With any pictures left out, restate word for word the lines in the listing below from the one holding "Шальная кобыла SammyWinters" through the last.
== Dataset content ==
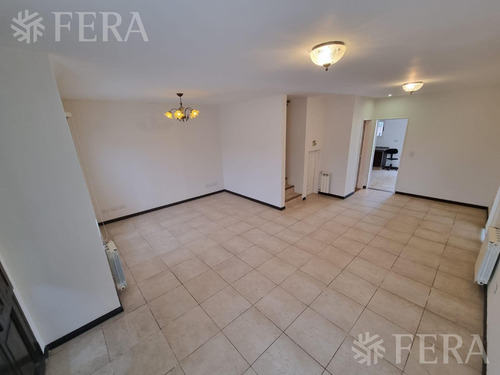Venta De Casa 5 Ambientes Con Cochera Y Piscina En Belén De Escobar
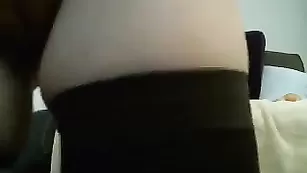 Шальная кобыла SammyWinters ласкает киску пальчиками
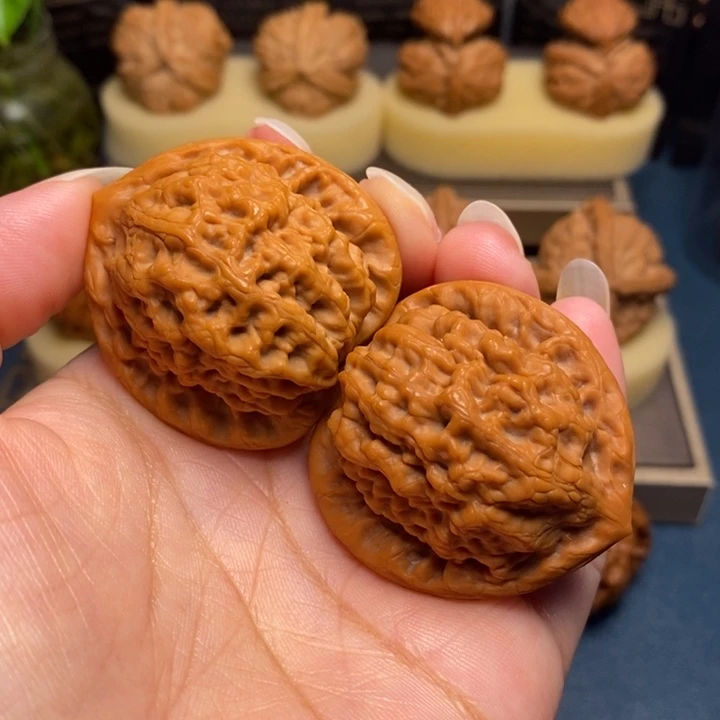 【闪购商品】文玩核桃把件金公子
===
Task solution:
 Шальная кобыла SammyWinters ласкает киску пальчиками
 【闪购商品】文玩核桃把件金公子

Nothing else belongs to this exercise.